The key element to this process is planning on the part of the EMT. To leave either role without clarity is likely to result in overlaps and gaps in practice. Therefore, building training around these roles into usual EMT practice will develop familiarity with common pitfalls and lessons learned from past disaster response efforts. This will allow for learning and improvement in practice. Coordination in disaster is essential and relies on information reported by individual teams. Similarly, post-deployment analysis and future improvements hinge on accurate and adequate data.
Conclusion
This report provides a description of the tasks and responsibilities of the DM and the epidemiologist in an EMT in case of disaster. Just as clinical staff are expected to undergo training specific to field hospital work, DMs and epidemiologists ought to receive specific training for their own roles. It is this groundwork which will pay dividends in the future of disaster response co-ordination, as it integrates focused data training in the EMT pre-deployment plan.

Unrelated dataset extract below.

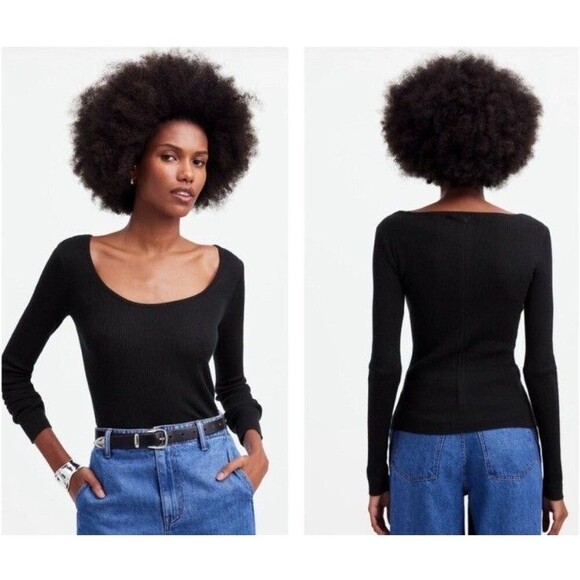 Madewell Sweaters - Madewell Merino Wool-Silk Blend Scoopneck Sweater NWT Size L Large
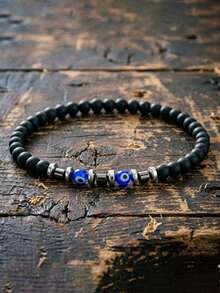 diffone Vòng tay thủ công thời trang đính hạt đá 4mm hình mắt quỷ dành cho nam giới, trang sức đeo tay. - Vòng tay mắt 4mm - Xem 8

In time, this will change the narrative on disaster documentation and data and will allow the international community to confidently understand how best to move forward in medical disaster response.
Conflicts of interest/funding
This study was funded by the Hong Kong Jockey Club Charity Trust within the collaborative project “Training and Research Development for Emergency Medical Teams with reference to the WHO Global EMTs initiative, classification, and standards” between the Humanitarian and Conflict Response Institute (HCRI; Manchester, United Kingdom) and the Hong Kong Jockey Club Disaster Preparedness and Response Institute (HKJCDPRI; Aberdeen, Hong Kong). The authors have no conflicts of interest to declare.